Ora di cena

Racconto per il concorso "300 Parole Per Un Incubo", 2003 - edizione 2

Ieri notte mi sono svegliato. Non ero solo.
Un altro essere respirava, in lui, nella mia casa, scorreva vita. Sentivo il profumo del sangue. Sentivo l'odore acre del sudore pervadente le pareti di pietra.
La fame si fece subito sentire, volevo quell’essere tra le mie braccia, ma dovevo anche mantenere prudenza: poco più avanti, sulla statale, sorgeva una caserma militare.
Attesi.
Respiravo la sua paura. Come poteva sapere della mia presenza e del pericolo?
Stesi le braccia e sollevai il coperchio. Il pesante rivestimento di legno cozzò contro la parete. Nel silenzio la vecchia casa tremò a quel suono. Ma la mia ospite non aveva udito il tonfo. Non vi era nessuna nuova ondata di paura.
Annusai l'aria per scernere gli aromi che vi si mescolavano.
Sangue. Sentivo la vividità del sangue che scorre tra cellule umane, il fruscio dei polmoni che si riempiono d'aria e le spinte del cuore accelerato che nutrono il corpo vivo e pulsante.
Una femmina. Il sangue scorreva tra le sue gambe, trattenuto da un tampone.

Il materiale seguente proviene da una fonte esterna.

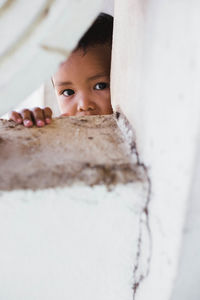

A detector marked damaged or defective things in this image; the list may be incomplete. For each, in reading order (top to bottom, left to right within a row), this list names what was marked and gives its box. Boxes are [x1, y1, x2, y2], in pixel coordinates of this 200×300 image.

crack in wall [115, 110, 152, 300]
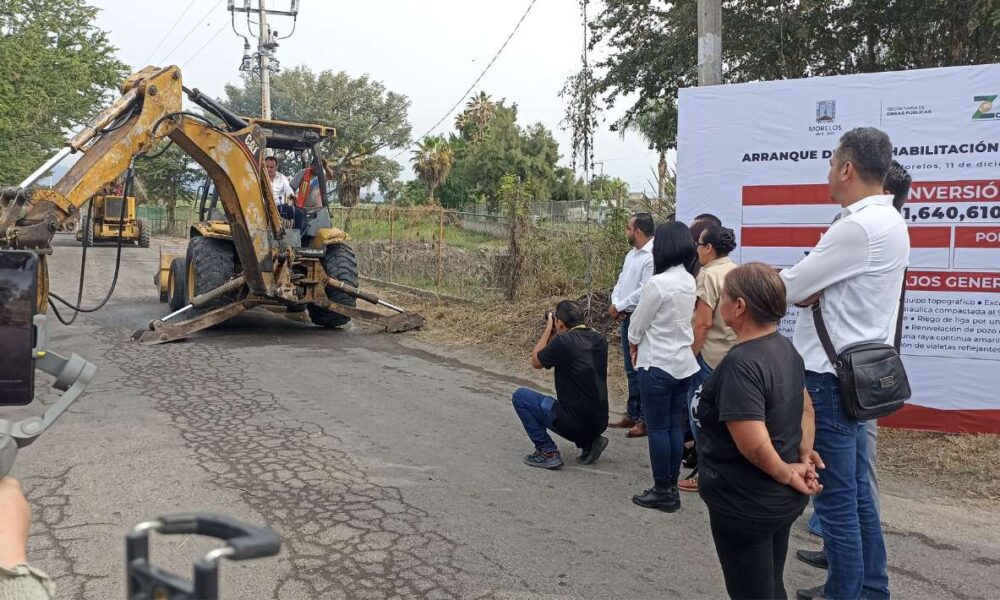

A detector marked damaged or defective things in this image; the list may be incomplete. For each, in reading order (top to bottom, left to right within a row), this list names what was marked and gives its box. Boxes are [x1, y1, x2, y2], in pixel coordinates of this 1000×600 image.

cracked pavement [7, 237, 1000, 596]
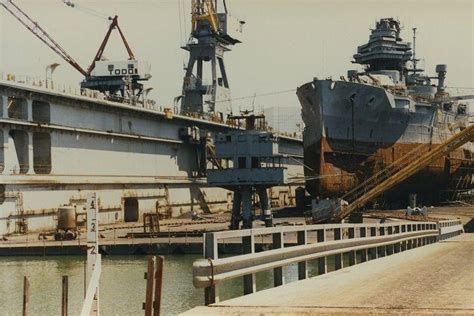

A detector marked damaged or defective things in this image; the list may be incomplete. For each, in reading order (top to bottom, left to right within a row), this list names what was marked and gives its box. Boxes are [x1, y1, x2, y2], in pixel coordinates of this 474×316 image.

rusty ship hull [298, 79, 472, 205]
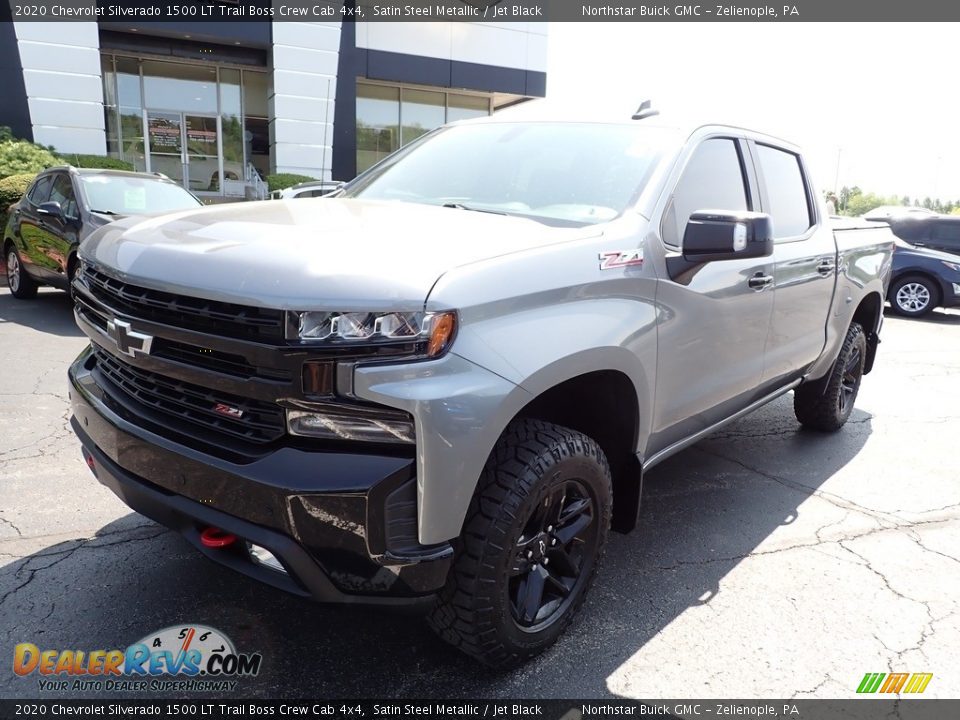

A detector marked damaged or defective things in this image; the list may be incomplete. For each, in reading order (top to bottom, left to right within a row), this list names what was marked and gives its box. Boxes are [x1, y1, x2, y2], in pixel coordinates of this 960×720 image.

cracked pavement [0, 284, 956, 700]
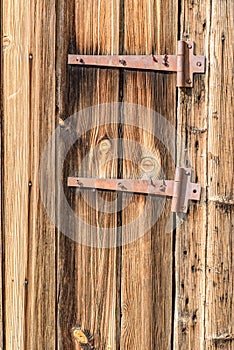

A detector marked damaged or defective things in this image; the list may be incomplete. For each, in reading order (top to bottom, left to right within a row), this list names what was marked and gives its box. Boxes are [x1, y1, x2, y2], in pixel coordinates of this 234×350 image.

rusty metal hinge [67, 40, 205, 87]
second rusty hinge [67, 40, 205, 87]
rusty metal hinge [67, 167, 201, 213]
second rusty hinge [67, 167, 201, 213]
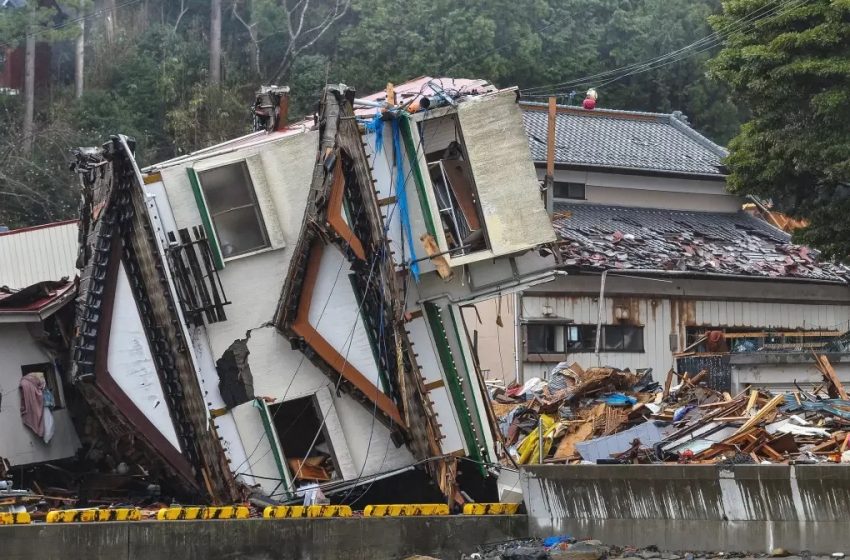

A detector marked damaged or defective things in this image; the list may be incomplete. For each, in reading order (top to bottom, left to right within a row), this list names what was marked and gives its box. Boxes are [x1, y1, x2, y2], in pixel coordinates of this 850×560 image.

damaged roof [520, 103, 724, 177]
broken window [196, 162, 268, 258]
broken window [420, 115, 486, 258]
broken window [548, 182, 584, 201]
damaged roof [552, 202, 844, 284]
earthquake damage [0, 76, 560, 516]
broken window [524, 324, 644, 354]
broken window [21, 360, 63, 410]
broken window [270, 396, 340, 484]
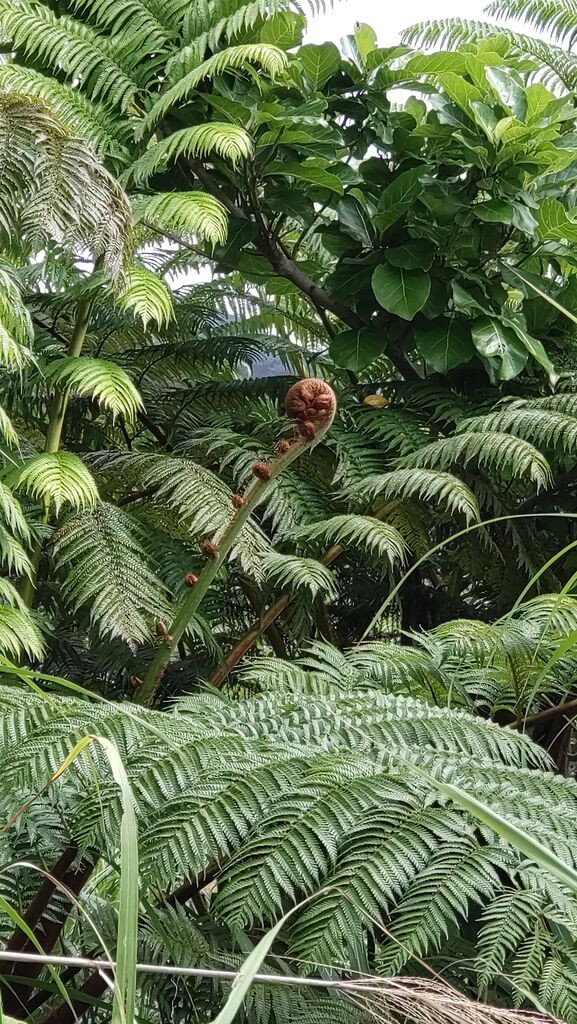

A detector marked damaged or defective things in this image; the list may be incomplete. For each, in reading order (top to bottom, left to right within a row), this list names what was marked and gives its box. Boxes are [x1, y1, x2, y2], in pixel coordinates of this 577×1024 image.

rusty brown bud [251, 462, 272, 482]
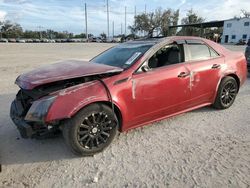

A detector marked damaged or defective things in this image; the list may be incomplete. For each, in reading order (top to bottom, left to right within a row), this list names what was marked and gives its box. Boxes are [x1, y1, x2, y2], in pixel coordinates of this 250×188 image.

crumpled hood [15, 59, 123, 90]
exposed headlight housing [24, 94, 57, 122]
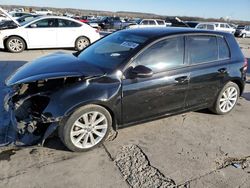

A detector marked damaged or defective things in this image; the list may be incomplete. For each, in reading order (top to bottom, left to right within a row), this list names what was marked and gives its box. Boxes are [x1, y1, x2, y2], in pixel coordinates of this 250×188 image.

crumpled hood [5, 51, 104, 86]
damaged front end [4, 76, 82, 145]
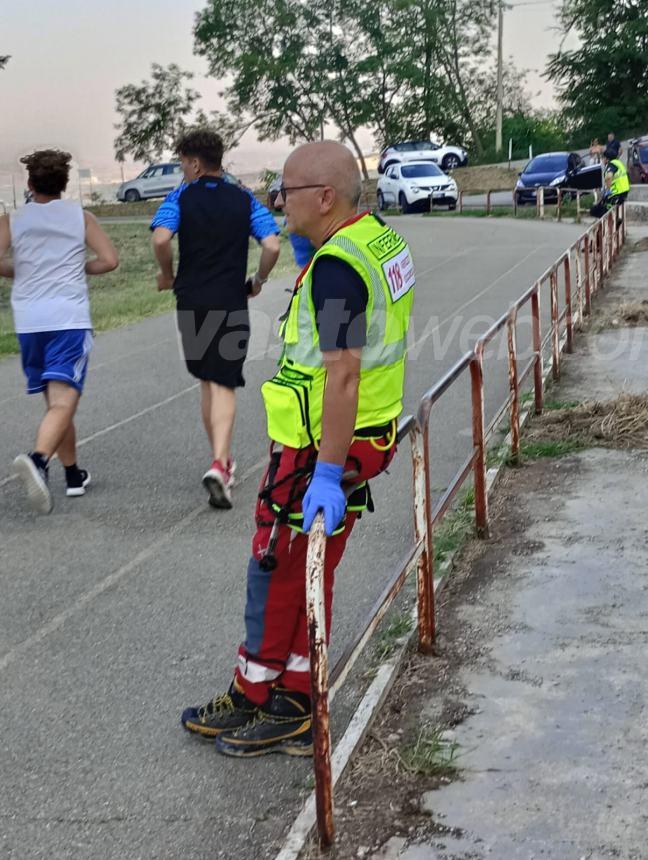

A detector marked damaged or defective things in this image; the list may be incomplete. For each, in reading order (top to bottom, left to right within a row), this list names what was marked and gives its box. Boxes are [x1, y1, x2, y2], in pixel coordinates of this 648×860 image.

rusty metal railing [302, 203, 624, 848]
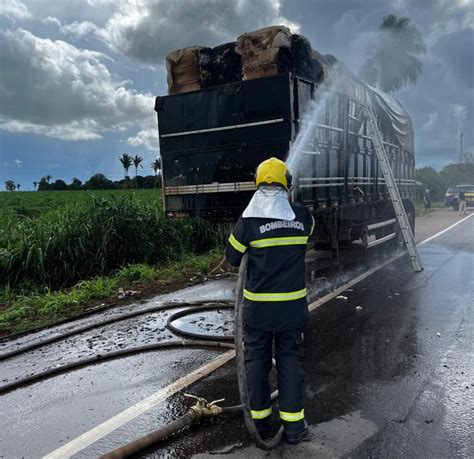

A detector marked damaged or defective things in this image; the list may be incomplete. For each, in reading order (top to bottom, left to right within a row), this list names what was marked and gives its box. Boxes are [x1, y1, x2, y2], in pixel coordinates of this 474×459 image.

charred cargo [155, 24, 414, 246]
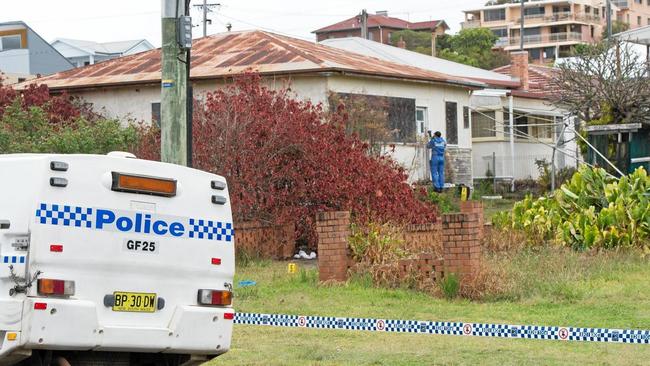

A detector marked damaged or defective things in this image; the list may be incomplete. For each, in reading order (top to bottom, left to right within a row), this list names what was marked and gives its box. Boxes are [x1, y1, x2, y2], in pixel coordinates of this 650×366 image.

rusty corrugated roof [20, 30, 484, 91]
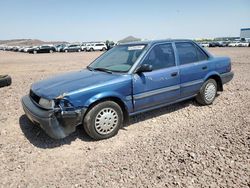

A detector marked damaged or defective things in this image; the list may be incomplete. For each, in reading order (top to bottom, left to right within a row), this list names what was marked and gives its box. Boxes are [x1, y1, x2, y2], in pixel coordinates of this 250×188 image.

damaged front bumper [21, 95, 88, 138]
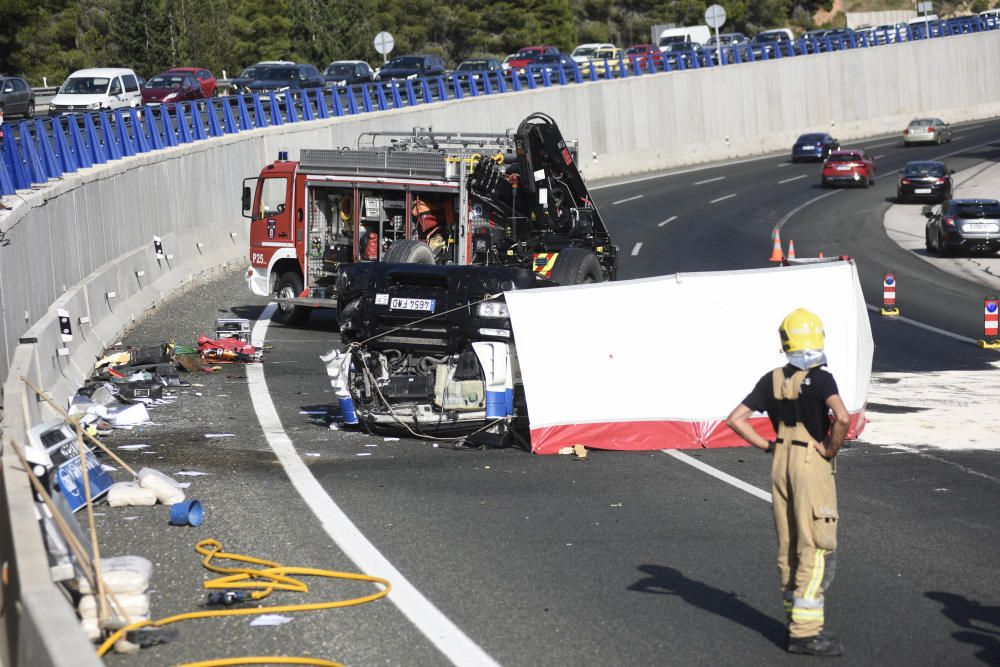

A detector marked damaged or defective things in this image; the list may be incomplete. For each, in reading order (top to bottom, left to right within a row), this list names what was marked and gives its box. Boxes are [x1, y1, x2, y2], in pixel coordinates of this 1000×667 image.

overturned vehicle [324, 113, 616, 448]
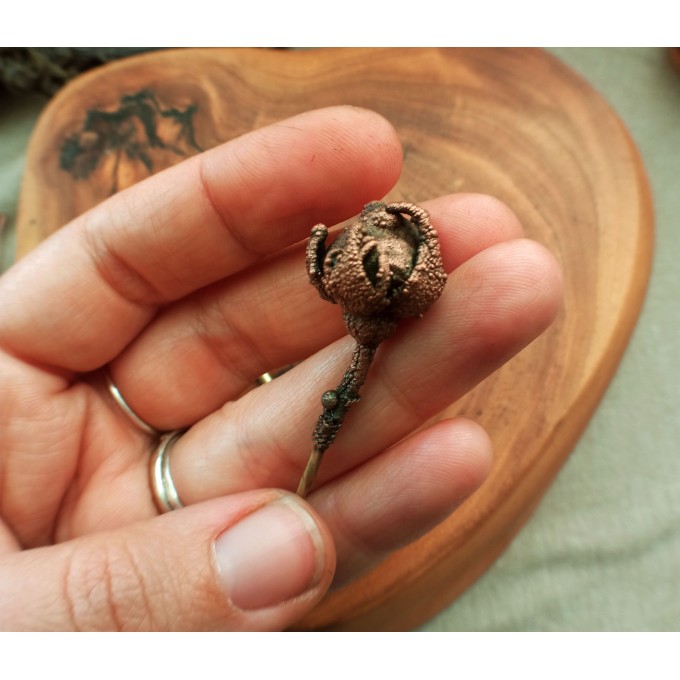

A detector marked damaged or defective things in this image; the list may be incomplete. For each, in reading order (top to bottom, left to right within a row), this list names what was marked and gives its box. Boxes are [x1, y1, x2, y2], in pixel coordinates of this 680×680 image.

dark burn mark on wood [59, 89, 203, 193]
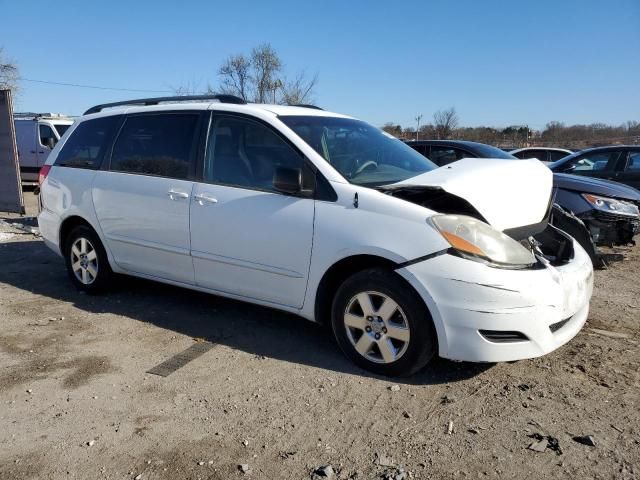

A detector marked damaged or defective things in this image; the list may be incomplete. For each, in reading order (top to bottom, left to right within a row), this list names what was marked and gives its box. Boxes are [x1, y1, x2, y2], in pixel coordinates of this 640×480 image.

crumpled hood [392, 158, 552, 232]
damaged front end [378, 184, 576, 268]
broken headlight [430, 215, 536, 268]
crumpled hood [552, 173, 640, 202]
broken headlight [584, 194, 636, 218]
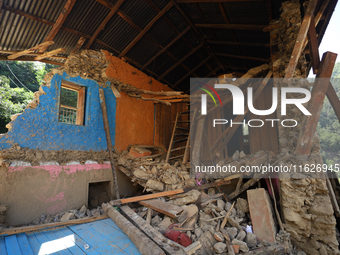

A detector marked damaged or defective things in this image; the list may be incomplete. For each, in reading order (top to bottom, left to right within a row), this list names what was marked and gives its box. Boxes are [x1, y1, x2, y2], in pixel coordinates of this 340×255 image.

damaged roof [0, 0, 338, 91]
broken timber [99, 88, 120, 198]
broken timber [101, 203, 166, 255]
broken timber [120, 205, 186, 255]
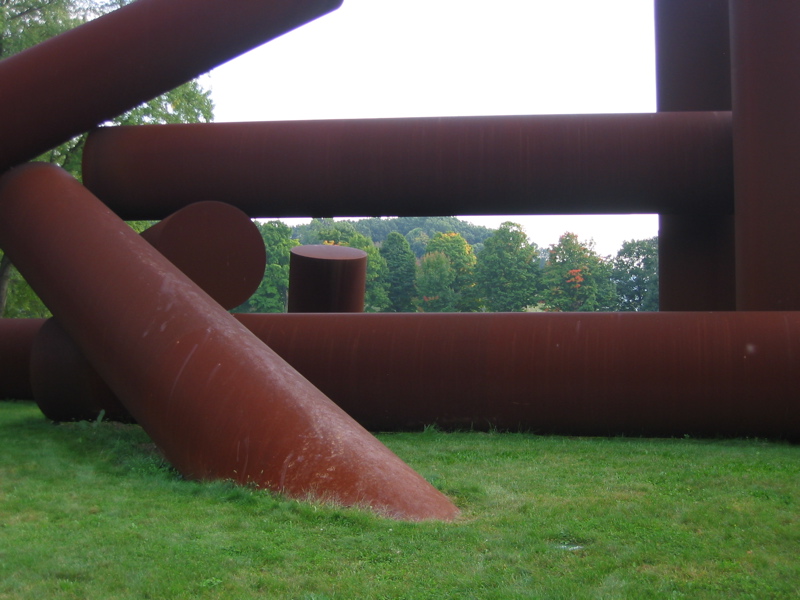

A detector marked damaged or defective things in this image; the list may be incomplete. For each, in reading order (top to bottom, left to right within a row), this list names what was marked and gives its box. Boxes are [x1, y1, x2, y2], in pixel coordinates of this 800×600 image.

rusty steel pipe [0, 0, 340, 173]
rusty steel pipe [84, 112, 736, 220]
rusty steel pipe [736, 0, 800, 310]
rusty steel pipe [0, 318, 45, 398]
rusty steel pipe [28, 202, 266, 422]
rusty steel pipe [0, 164, 460, 520]
rusty steel pipe [288, 245, 368, 314]
rusty steel pipe [234, 314, 800, 436]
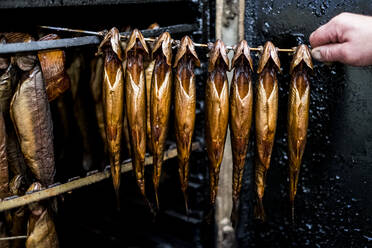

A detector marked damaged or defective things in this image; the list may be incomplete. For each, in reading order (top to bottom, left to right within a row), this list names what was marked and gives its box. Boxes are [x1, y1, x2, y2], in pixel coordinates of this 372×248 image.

rusty metal edge [0, 142, 201, 212]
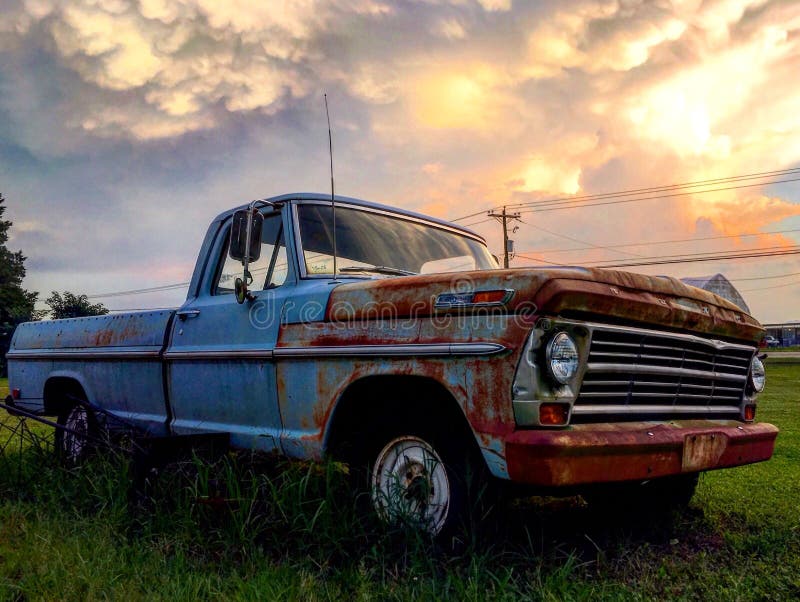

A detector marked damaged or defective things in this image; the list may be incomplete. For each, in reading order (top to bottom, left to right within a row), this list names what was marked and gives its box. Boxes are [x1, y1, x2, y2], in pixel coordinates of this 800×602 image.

Scandagliai nella sua mente.
Trasmigrai la mia volontà verso di lei e ne penetrai le difese: attraversai una foschia avviluppata di paura e vergogna. E mi resi conto che la fonte dei suoi timori era lontana da quelle stanze.
Salii la scala che portava dalla stanza sotterranea al cortile. Uscii nell’aia.
Non era la mia presenza a procurare alla ragazza quelle sensazioni paralizzanti. Era fuggita da un essere spaventoso; un Uomo Malvagio che l’aveva portata lontana dalla sua terra, un paese vicino a quello da cui, secondo uno scrittore irlandese del secolo decimonono, sarebbe pervenuto il più efferato dei miei simili. La mia casa era divenuta il suo rifugio.
Un sorriso mi apparve sulle labbra. Dopo l’astinenza, finalmente: era ora di cena!